I have neurological pain in all limps, but no pins and needles. The pain is intense, I am on prescription painkillers. I had an MRI 9 days ago… it may or may not show the issue, and I may have to repeat it.
I talked to a lovely amazing MS nurse here at the MS Society (called Jennifer) who explained a few things to me. We are blessed that the MS Society offers so much support through the helpline!
I suppose now it’s a wait and see for me. I will keep you updated, but this incident clearly shows how a virus can trigger a relapse, even if someone is on DMT (I am on plegridy).
I haven’t been to work since Wednesday last week, will try to go back on Monday but my boss doesn’t know about the MS. I am thinking about changing jobs anyway, because working in a clinic (as I currently do) exposes me to viruses.

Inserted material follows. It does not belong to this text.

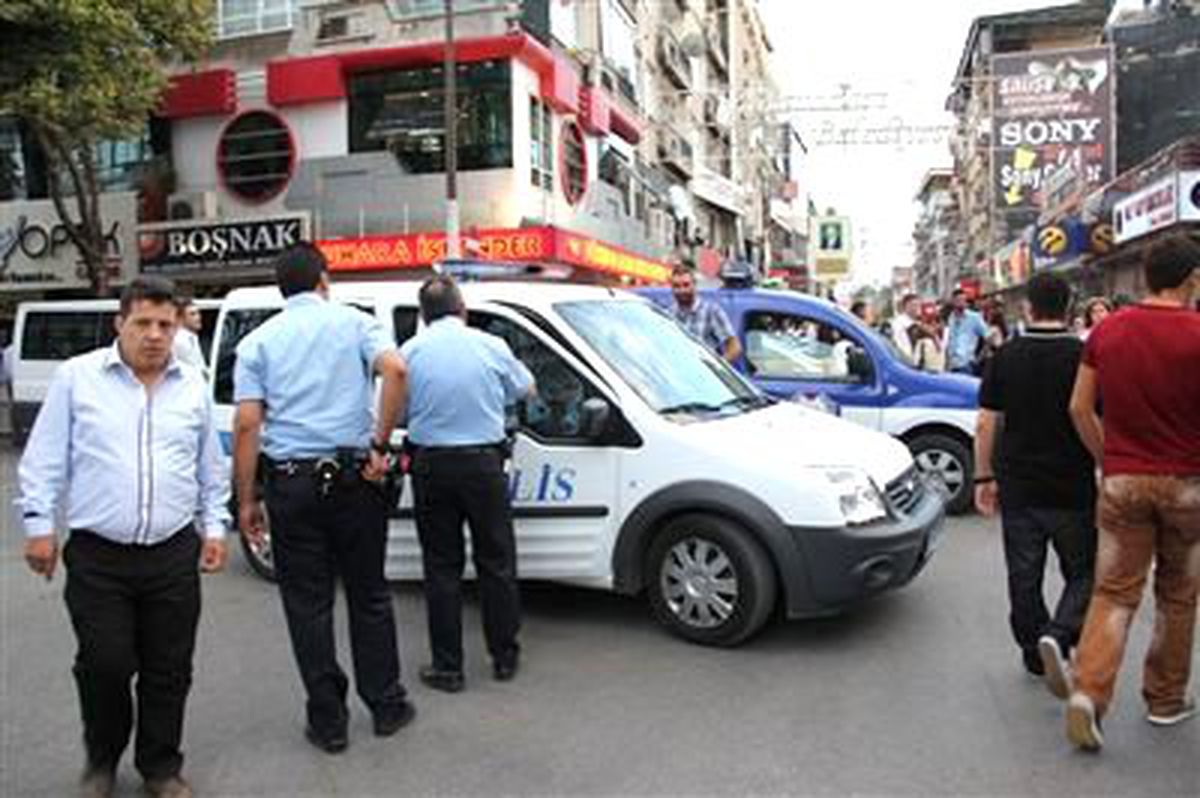 Çark Caddesinde Bayram Hareketliliği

Sending you all positive energy. 
Maria
Hi Maria. Sorry to hear all that. Yep, as I understand it viral or bacterial infections can certainly trigger a relapse ( hence Covid vaccination and , for me Shingles vaccination). In spite of Covid vaccination I once got bad Covid which made my symptoms much much worse for a while . I’ve always had problems with my right leg but for a while my left leg became pretty useless as well - basically couldn’t walk at all for a few days ( relied on a small folding scooter to get me from bed to bathroom and back). Later MRIs didn’t show any new lesions so what’s in my mind is that infections and resulting inflammation can result in symptoms becoming much much worse including sort of previously ‘hidden symptoms’ - ones that exist but not at a noticeable level. It took a few months but my right leg returned to pre-Covid functioning and my left leg was fine ( presumably the relevant area of my CNS has damage but not enough to cause noticeable symptoms - until an infection causes some inflammation)
Hello Hank_Dogs 
Thank you for taking the time to get back to me. I also had a tough time with COVID (despite being vaccinated), but this time, hand, foot and mouth disease has hit me three times as hard!
If you don’t mind me asking, since they didn’t find any new lesions on your MRI after the incident, did they confirm it as a relapse, or was it more likely a pseudo-relapse?
Thanks again,
Maria
I can’t remember how it was ‘labelled’ but I remember a chat with the MS Nurse about temporary worsening.
I’ve never had an MRI of my spine and I do wonder if in fact a new lesion developed on my spinal cord . I will never know but the good thing is that no long lasting new symptoms developed
It did take a while to die down ( maybe 6 -7 months of gradual return to ‘normal’ ). In my mind that long period was a result of my immune system taking a long time to calm down fully and things in general to return to normal ( along the lines of ‘long Covid’).
I very much hope that in your case it’s also just a temporary worsening.
This is not what I wanted to read I’m so sorry it’s triggered your ms in a big way. I really hoped it wouldn’t be that way. Sending hugs and healing thoughts to you!